7.00pm – On the way home, I found myself thinking. What is he going to eat? Did I remember to bring out the stew from the freezer before I left? I didn’t. (In our home, we don’t use the microwave for health reasons). I got to my Sister-In-Law’s place, picked Daniel up and headed home. We had some chit chat about his day. Then I asked the question – ‘What are you going to eat?’ The young man paused for some seconds. I immediately knew it was a very bad idea. I should have just told him what I intended to cook when we got home. This “What would you like to eat?” routine is something that his mother has spoilt him with. During my young days, you never had an opinion of what you wanted to eat. You ate whatever your mum put on the table for you. Not kids of these days. Daniel answered, ‘Pancakes’, I said no, it’s too late for that. I lied and I think he knew. But there was no way on earth I was going to attempt pancakes that night. He then said ‘what about dodo and eggs”. I replied ‘only on one condition..that you fry the eggs’. He responded gleefully ‘you got yourself a deal’.
7.30pm – Got home. Made dinner. Had to check his homework. There were some corrections. The young man would not agree. Not unusual because they always think their teachers are way smarter than their parents. Google to the rescue. I put his dirty school clothes away in the laundry basket. I will wash them tomorrow. I was way too tired to wash. Besides’ he still had two clean sets to use.
8.30pm – There was a premiership match going on. I watched and bantered on Twitter. Wifey called to find out how we were doing. ‘Oh we are doing great. Not missing you a bit’. I said. Slept off on the couch. Woke up at 10.00pm. I heard a loud laugh – Daniel’s laugh when watching cartoons. He is still up. I dashed upstairs. ‘Why are you still up? Go to bed now?’ ‘But I am yet to have my bath’ he replied. I switched off the TV, matched him to his room amidst loud protest and ensured he took his bath before tucking him into bed. Time now is 10.30pm. I knew that the consequences of this late sleeping will be felt tomorrow during “Wake-Up” time. The boy has no appreciation of time. None whatsoever.

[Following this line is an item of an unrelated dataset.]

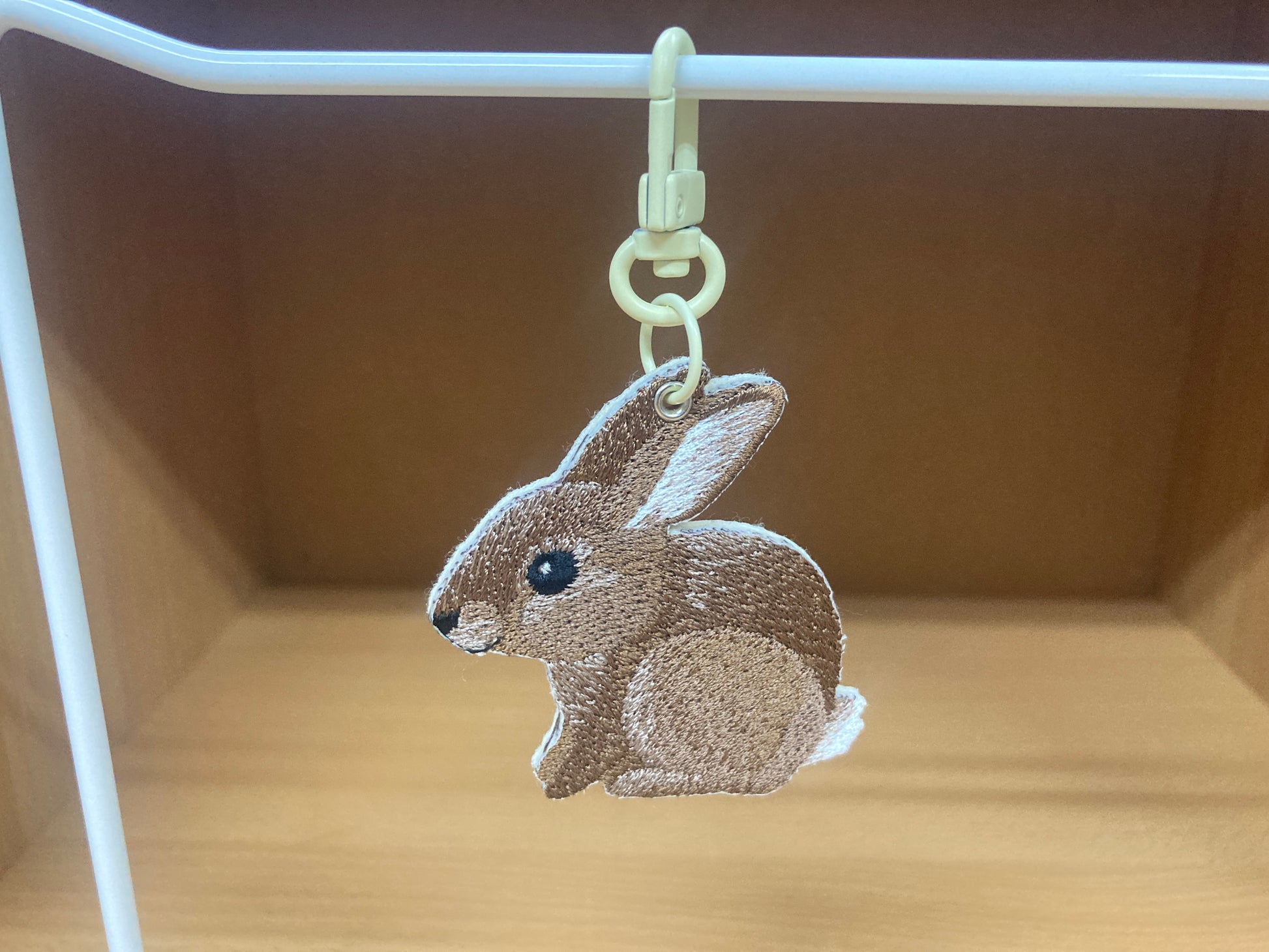 Tiny Treasures Seoul - Embroidered Bunny Bag Charm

11.00pm – I crawled into bed physically, mentally and emotionally exhausted. This is just day one. I still had 9 more days to go. A thought flashed through my mind. What if I had two more Daniel’s to attend to? What if after a day like this and I finally get time to crawl into bed, some dude with over grown testosterone starts groping because he wants servicing? I finally get it. This is the reason why she always has a “headache”.
Day 2 – 10
I had perfected the wake up ritual. No I was not going to leave the room until he was into the bath. Before leaving the room, I will make sure he was well awake and watch him brush his teeth. His bags were packed the day before not in the morning. I settled into a routine of constantly thinking – What is he going to eat today? Should I stop at the market to buy plaintain on the way home? What did he eat yesterday so I don’t have to repeat it? Have I washed his uniform? Has it been ironed? Would there be light when I get home to iron his clothes. Do I have fuel in the gen? Have I signed his feedback note? What about his homework? Have I called wifey today? It was exhausting. By day 10 I was so glad wifey was back. I was so glad I had some respite. And above all, I understood. I understood why sometimes she was just cranky and irritable. I understood why sometimes she said she needed me to be more involved. I understood why she let Daniel have his way because the alternative was that something else more important will be delayed. After 15 years of marriage, it took only two weeks with Daniel to finally make me understand.